If the signal levels are not within tight limits, your modem is going to be dropping out intermittently, and possibly pretty frequently. There is nothing you can do directly about this, except to report the problem to Comcast, and have a service tech come out and rectify the problem with adjustements to line amplifiers out on the street, or by solving wiring and signal distribution problems on your premises. The only reason to recommend that you log in to the modem yourself, and examine the error logs, is that sometimes, Comcast pushes a software update to it's modems, that the modems don't take, and you can see this in the status log your modem maintains. If that is what's happening, Comcast will need to give you a new modem.

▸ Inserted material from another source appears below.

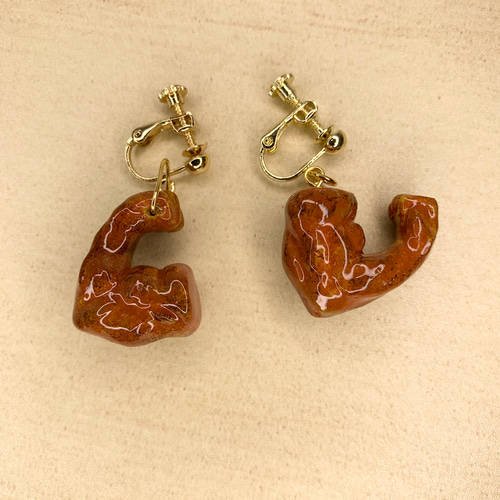 マッチョな腕ピアス(日焼け) ピアス（フック・チェーン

Most often, such problems are caused by people around you adding or changing their cable services, creating more or less loading on your segment of the cable system, or injecting unwanted local signal feedback into the cable network infrastructure, from poor consumer equipment, or unshielded connections.
posted by paulsc at 10:36 PM on August 14, 2007

I had a linksys router fail in a similar way once, but when I improved the ventilation to the box it got better.
posted by BrotherCaine at 1:09 AM on August 15, 2007

I don't understand why you'd be using DHCP Relay to connect a home LAN to a WAN. I would have thought that your router should be the only device visible to your ISP, and that your router should be doing NAT between your ISP and your LAN, and should therefore be handing out LAN IP addresses with its own DHCP server rather than relaying DHCP from the ISP side.

If a firmware update designed to fix a DHCP Relay bug fixes your issue, you might care to check that your router hasn't been configured with its NAT brains turned off.
posted by flabdablet at 2:19 AM on August 15, 2007

Try to use an alternative firmware as Tomato, Linksys firmware is bad
posted by zouhair at 3:42 PM on August 15, 2007

Just to pop back in and update, the new firmware seems to have fixed things. I'll take a look at the router settings when I get a chance, but for now I'm happy I don't have to deal with Comcast replacing it.